How Can Comparison Questions Help the Sale?

By Heather Baldwin

Sure, asking questions can lead to a sale. Asking the right questions, however, can win loyal business for years to come.

Salespeople add value only when they dig below surface-level answers. When they do it right, they may well discover that VPs who think their reps need sales training actually need to overhaul the way they hire. Or that a customer calling for a complex repair would be better off with a product upgrade.

“Just because a customer says, ‘Here’s my need,’ that doesn’t mean the customer is correct, but a lot of reps can’t get beyond that,” says Shelley Hall, principal and managing director of Catalytic Management, an organization that accelerates business growth through sales effectiveness and process improvement. Recently, Catalytic got a call from a company that wanted customer-service training for its employees. Upon discovering that the company’s owner had retired a few years ago, the Catalytic rep asked the following comparison questions:

  • How does the staff currently behave, and how does that differ from two to three years ago?
  • What service elements do you want improved, and why are they more important than other elements?
  • How would you compare staff members’ behavior toward each other before and after the leadership change?

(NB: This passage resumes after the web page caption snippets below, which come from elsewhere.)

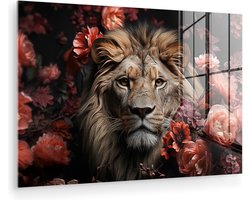 MuchoWow® Glasschilderij 120x80 cm - Schilderij acrylglas - Leeuw - Dier - Natuur - Botanisch - Bloemen - Roze - Foto op glas - Muurdecoratie woonkamer - Wanddecoratie slaapkamer - Schilderijen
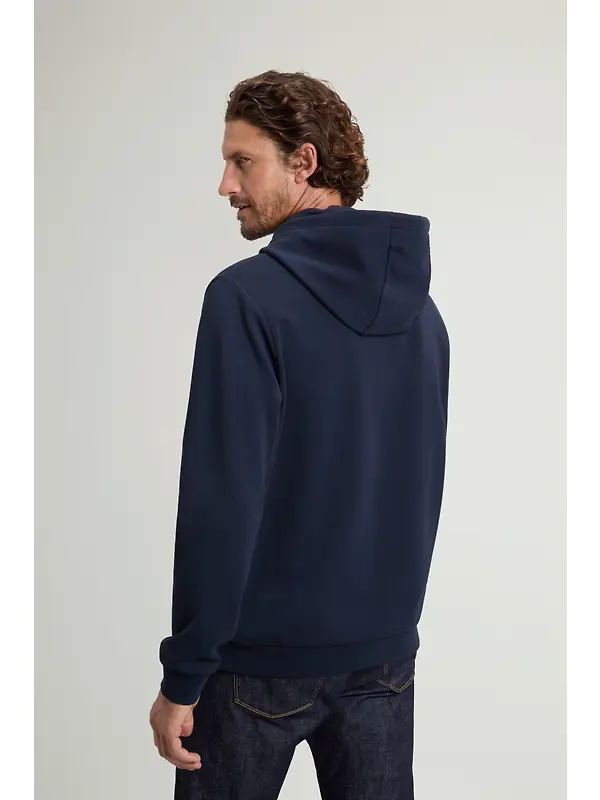 Woolrich Men's Cotton-Blend Interlock Hooded Sweatshirt - Melton Blue Image 4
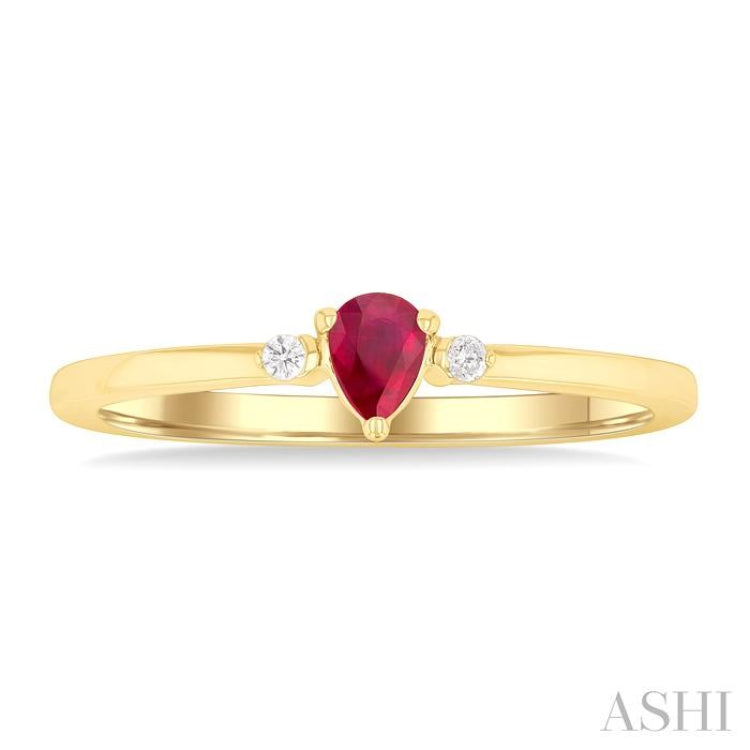 4x3 MM Pear Shape Ruby and 1/50 Ctw Petite Round Cut Diamond Fashion Ring in 10K Yellow Gold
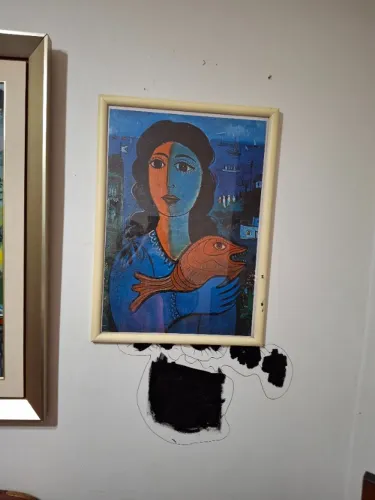 Quadro Mulher com Peixe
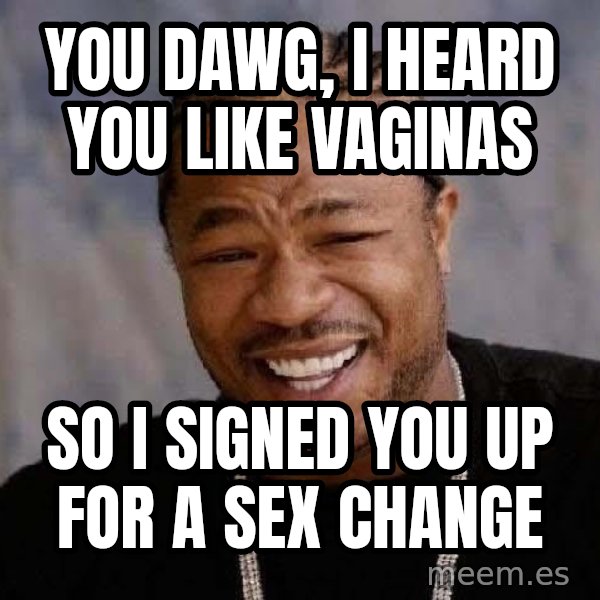 Yo Dawg meme: You dawg, i heard you like vaginas / so i signed you up for a sex change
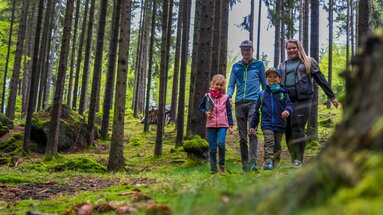 Eine Frau und ein Mann laufen zusammen mit zwei Kindern auf einem Weg durch den Wald. Das Mädchen hat ein Kinderbuch unter ihrem Arm. | © Bodenmais Tourismus & Marketing GmbH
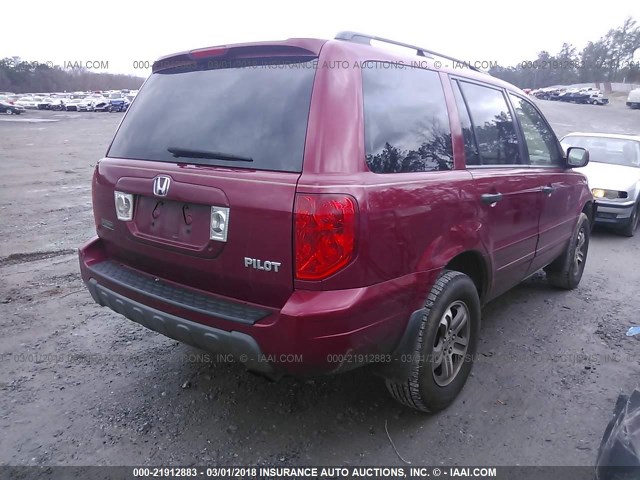 2HKYF18414H504290 - 2004 HONDA PILOT EX MAROON photo 4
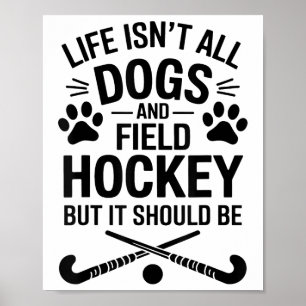 Affiche Chiens de hockey sur gazon drôle de hockey sur gaz
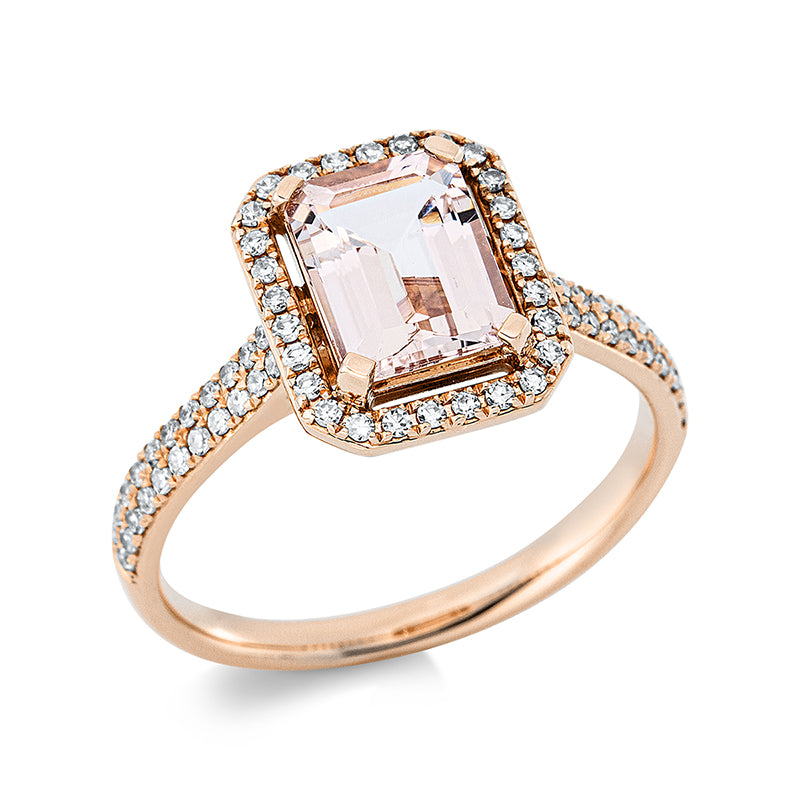 Ring mit Morganit  aus 750/-18 Karat Rotgold mit 72 Diamanten 0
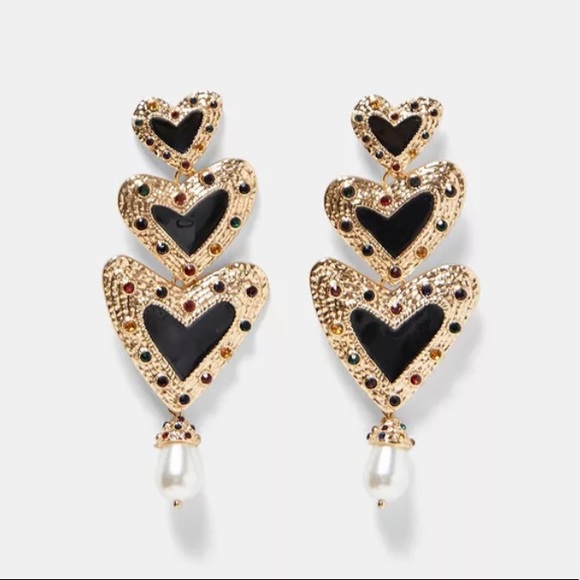 Zara Heart Drop Earrings! - Picture 2 of 7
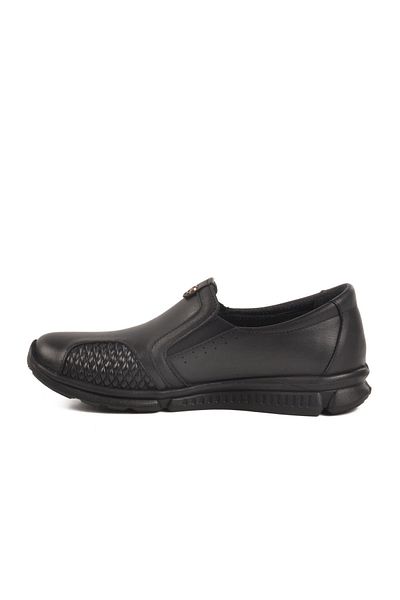 AYAKMOD 609 Z Orthopedic Anatomical Genuine Leather Women's Black Casual Shoes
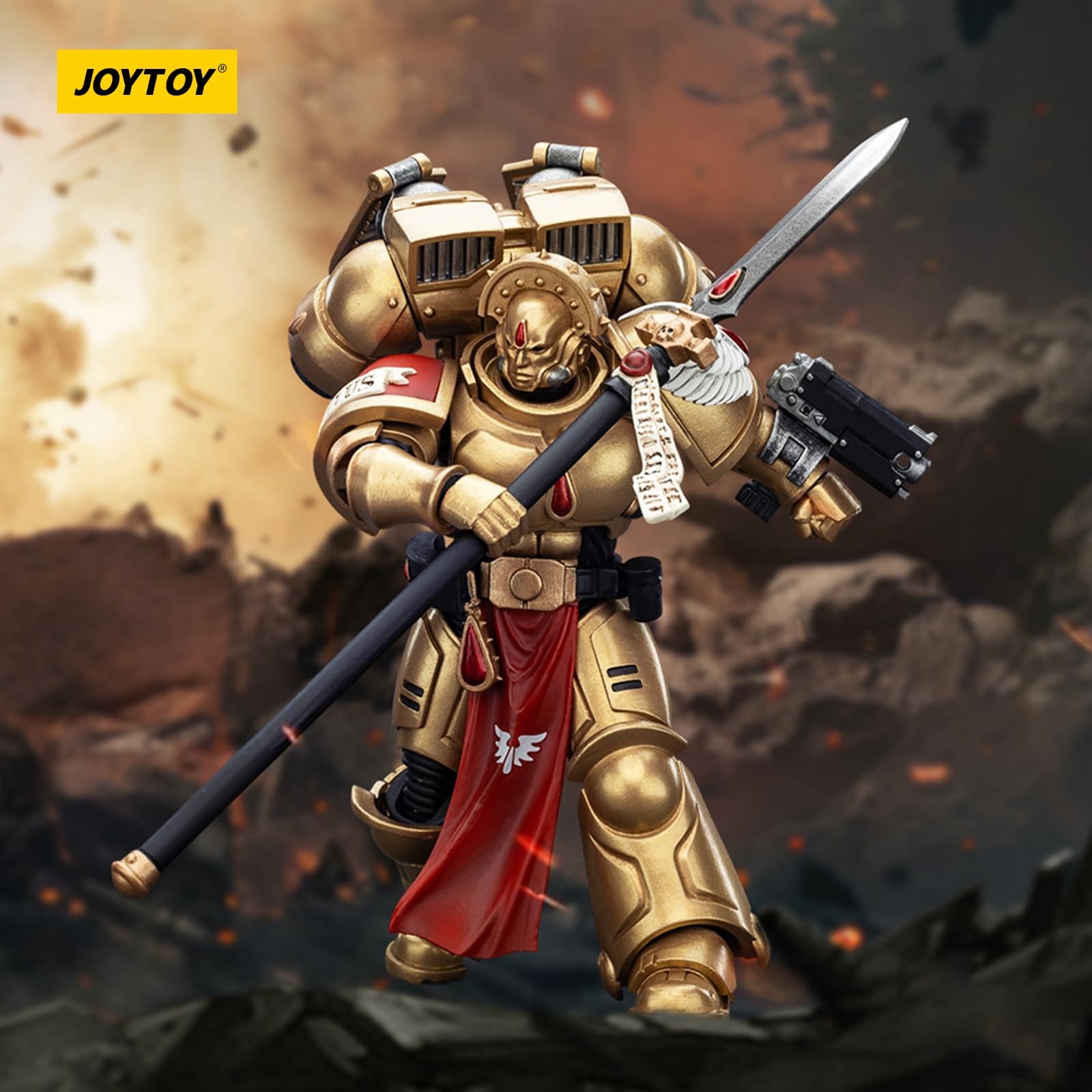 JOYTOY Warhammer 40k Blood Angels Sanguinary Guard 2 with Angelus Boltgun and Encarmine Spear 1/18 Action Figure Collect And Display Model - Image 2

As it turned out, the regime change had resulted in widespread mistrust and animosity among managers and employees. This new culture was having a negative effect on customer service operations. With a better understanding of the problem and the issues behind it, Catalytic was able to provide a quality solution.

Comparison questions are key to getting customers to make connections about what’s working and what isn’t. “Clients have to make the discovery for themselves,” says Hall. “Our job is to help them do that by asking the right questions.”

Just remember that every sales solution is unique; what worked for one customer won’t necessarily work for the next. “You cannot come from a place of thinking you have all the answers,” Hall says. “[Don’t] make an assumption about one company just because the last five were a certain way.”